Here is an example for mutating a subset of the expressions in the query to be SHOUTING UPPERCASE:
```python
from sqloxide import parse_sql, mutate_expressions
sql = "SELECT something from somewhere where something = 1 and something_else = 2"
def func(x):
if "CompoundIdentifier" in x.keys():
for y in x["CompoundIdentifier"]:
y["value"] = y["value"].upper()
return x
ast = parse_sql(sql=sql, dialect="ansi")
result = mutate_expressions(parsed_query=ast, func=func)
print(result)
---
>>> ['SELECT something FROM somewhere WHERE something = 1 AND something_else = 2']
```
What if you needed to make a structured edit to the table name in the above query?

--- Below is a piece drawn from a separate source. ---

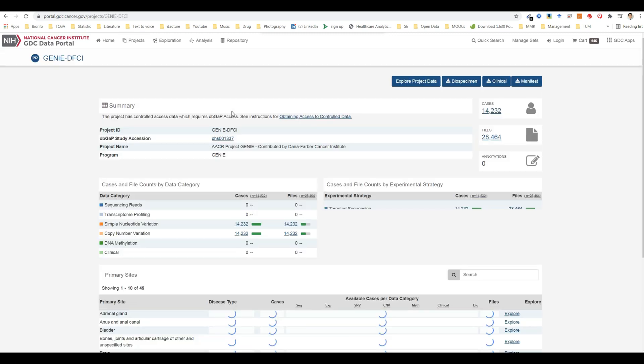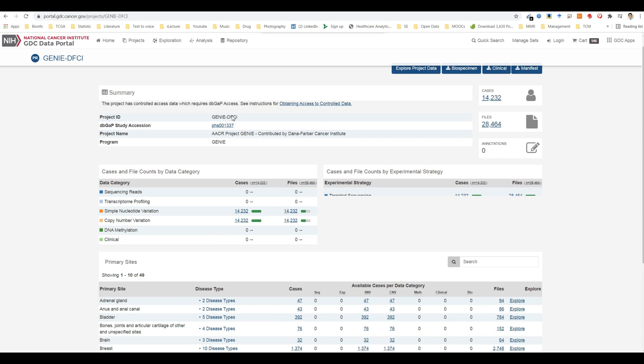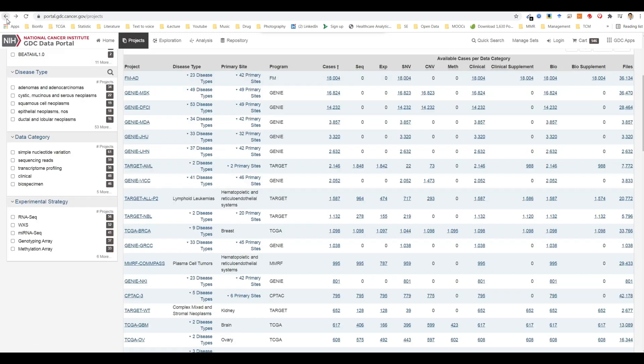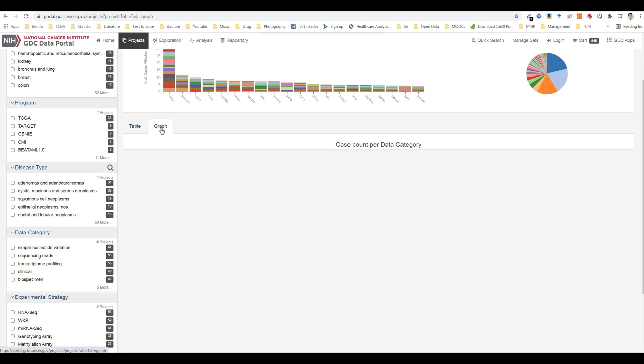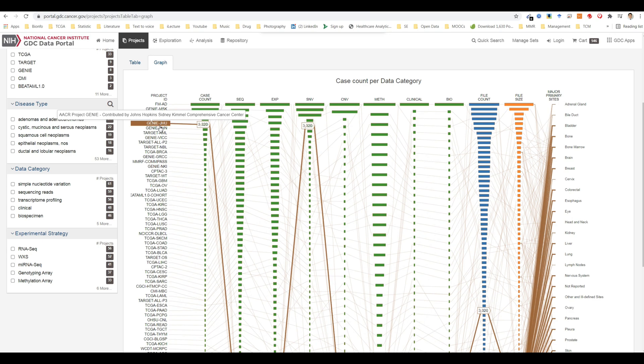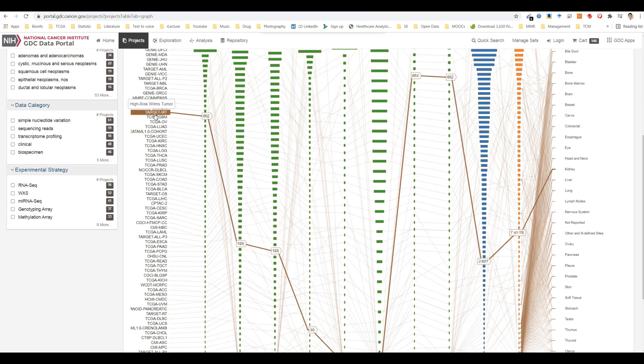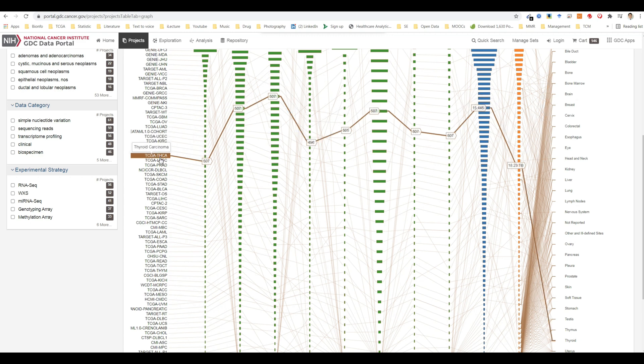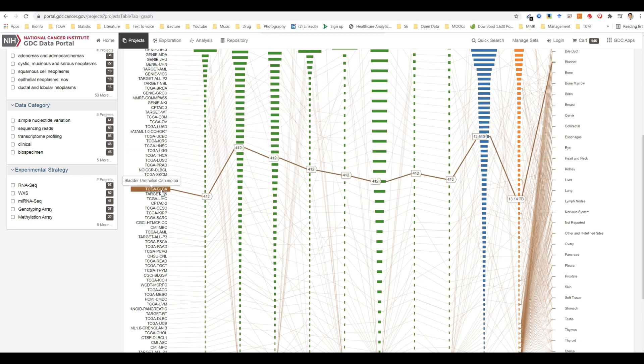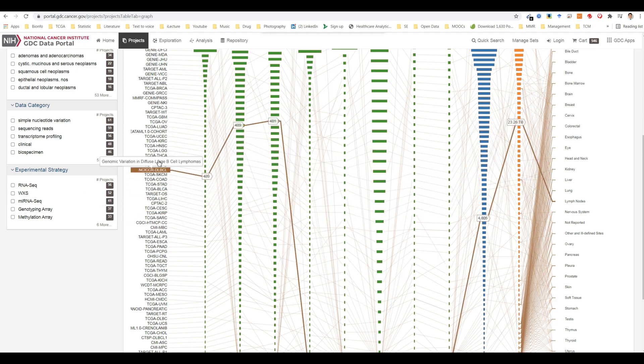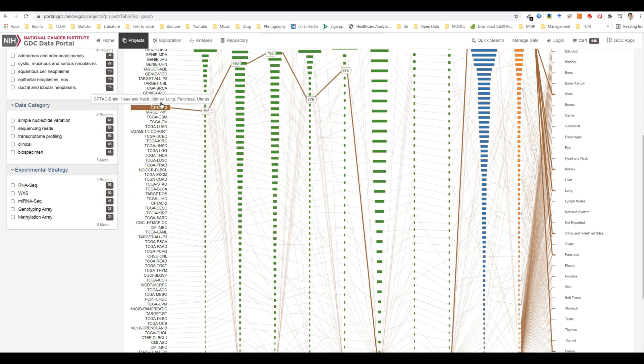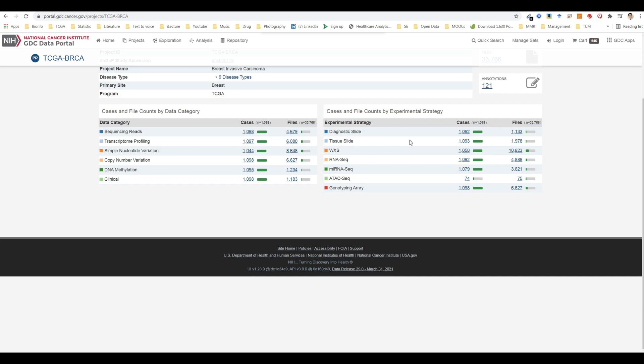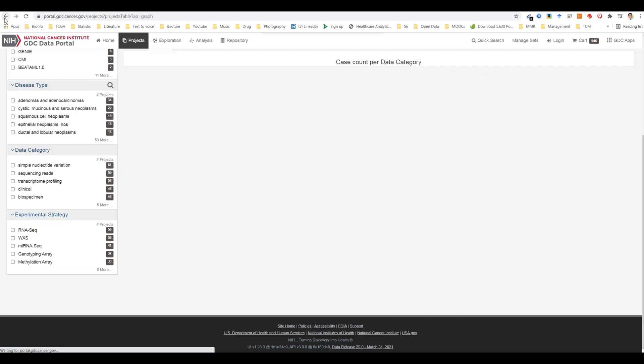The graph tab contains an interactive view of information in the table tab. The numerical values in case count, file count, and file size columns are represented by bars of varying length according to size. These columns are sorted independently in descending order. Mousing over an element of the graph connects it to associated elements in other columns, including project ID and major primary sites. Most elements in the graph are clickable, allowing the user to open the associated cases or files in the repository page.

There is also an API for that as well:
```python
from sqloxide import parse_sql, mutate_relations
def func(x):
return x.replace("somewhere", "anywhere")
result = mutate_relations(parsed_query=ast, func=func)
print(result)
---
>>> ['SELECT something FROM anywhere WHERE something = 1 AND something_else = 2']
```
These features combined allow for powerful semantic rewrites of queries, if you have any examples you'd like to share please contribue back to the `examples/` folder!
## Benchmarks
We run 4 benchmarks, comparing to some python native sql parsing libraries:
- `test_sqloxide` - parse query and get a python object back from rust
- `test_sqlparser` - testing [sqlparse](https://pypi.org/project/sqlparse/), query -> AST
- `test_mozsqlparser` - testing [moz-sql-parser](https://pypi.org/project/moz-sql-parser/), full roundtrip as in the docs, query -> JSON
- `test_sqlglot` - testing [sqlglot](https://github.com/tobymao/sqlglot/), query -> AST
To run them on your machine:
```
poetry run pytest tests/benchmark.py
```
```
------------------------------------------------------------------------------------------- benchmark: 4 tests -------------------------------------------------------------------------------------------
Name (time in us) Min Max Mean StdDev Median IQR Outliers OPS Rounds Iterations
----------------------------------------------------------------------------------------------------------------------------------------------------------------------------------------------------------
test_sqloxide 29.6800 (1.0) 50.4300 (1.0) 30.6219 (1.0) 0.7367 (1.0) 30.4900 (1.0) 0.2390 (1.0) 527;716 32,656.3811 (1.0) 9099 1
test_sqlglot 365.8420 (12.33) 692.8950 (13.74) 377.2422 (12.32) 11.7692 (15.98) 375.7825 (12.32) 4.3145 (18.05) 62;97 2,650.8168 (0.08) 2260 1
test_sqlparser 1,577.7720 (53.16) 9,751.9699 (193.38) 1,651.5547 (53.93) 355.5511 (482.64) 1,620.7315 (53.16) 30.9200 (129.37) 3;60 605.4901 (0.02) 538 1
test_mozsqlparser 2,793.8400 (94.13) 12,358.7790 (245.07) 3,091.8519 (100.97) 960.4173 (>1000.0) 2,937.6310 (96.35) 243.3220 (>1000.0) 4;4 323.4308 (0.01) 316 1
----------------------------------------------------------------------------------------------------------------------------------------------------------------------------------------------------------
```
## Example
The `depgraph` example reads a bunch of `.sql` files from disk using glob, and builds a dependency graph of all of the objects using graphviz.
```
poetry run python ./examples/depgraph.py --path {path/to/folder/with/queries}
```
## Develop
1) Install `rustup`
2) `poetry install` will automatically create the venv, compile the package and install it into the venv via the build script.